Keyword Extraction in Scientific Documents

at SwissText 2022

Announcements

Welcome to the workshop!

If you have not done so, fill this background probe Google form so that we get to know you better!

Also join the Slack channel [updated!] for more streamlined communication!

July 6: Our proceedings submission is now on arXiv!
June 13: Proceeding information is now available in a new page!
June 7: Workshop slides is online!
June 7: More information and Slack channel published!
June 4: The complete dataset and Google Colabolatory Jupyter Notebooks were released!
May 27: Exact venue and room announced
May 17: The training dataset was released!

About the Workshop

The scientific publications grow at an exponential speed. Therefore, it is an increasingly challenging task to keep track of the trends and changes. Understanding scientific documents is an important step in downstream tasks, such as knowledge graph building, text mining, and discipline classification.

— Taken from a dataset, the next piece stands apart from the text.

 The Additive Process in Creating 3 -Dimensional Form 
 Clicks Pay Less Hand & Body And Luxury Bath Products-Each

In this workshop, we aim to provide a better understanding of keyword and keyphrase extraction from the abstract of scientific publications. Beyond this workshop, the methods are also applicable to further text data such as texts in the media.

Program Overview

The workshop, as a part of SwissText 2022, will take place in Lugano-Viganello at the East Campus of USI-SUPSI.

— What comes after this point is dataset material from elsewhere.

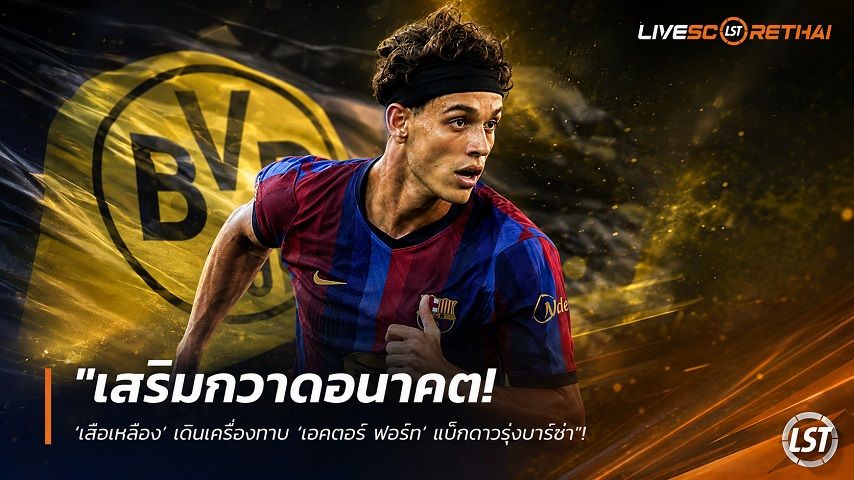 ข่าวฟุตบอล วันเสาร์ ที่ 15 สิงหาคม 2569 : "เสริมกวาดอนาคต! ‘เสือเหลือง’ เดินเครื่องทาบ ‘เอคตอร์ ฟอร์ท’ แบ็กดาวรุ่งบาร์ซ่า"!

It will take place at Room A1.03.

The workshop will take place on Wednesday 8th June 2022 from 13:00 to 16:30.

The tentative schedule is as follows:

13:00 – 13:30 Workshop introduction
13:30-16:00 Hands-on section, Team formation
- 13:30 – 14:00 Research presentation
- 14:15 – 15:00 System coaching
  - System 1: TextRank algorithm
  - System 2: TextRank algorithm and clustering
  - System 3: Named-Entity Recognition (NER)
- 16:00 Submission of the final results (optional)
16:00 – 16:30 Exchange and feedback

Note:

Optionally, if you would like to have your results from this workshop included in the workshop proceeding, make sure you fill your information in the Google form and send us your results by June 20. More details are on the page 'Proceedings Information', accessible from the top bar.

Google Colaboratory

We will work solely on Google Colaboratory so that no local installation on your laptop is necessary.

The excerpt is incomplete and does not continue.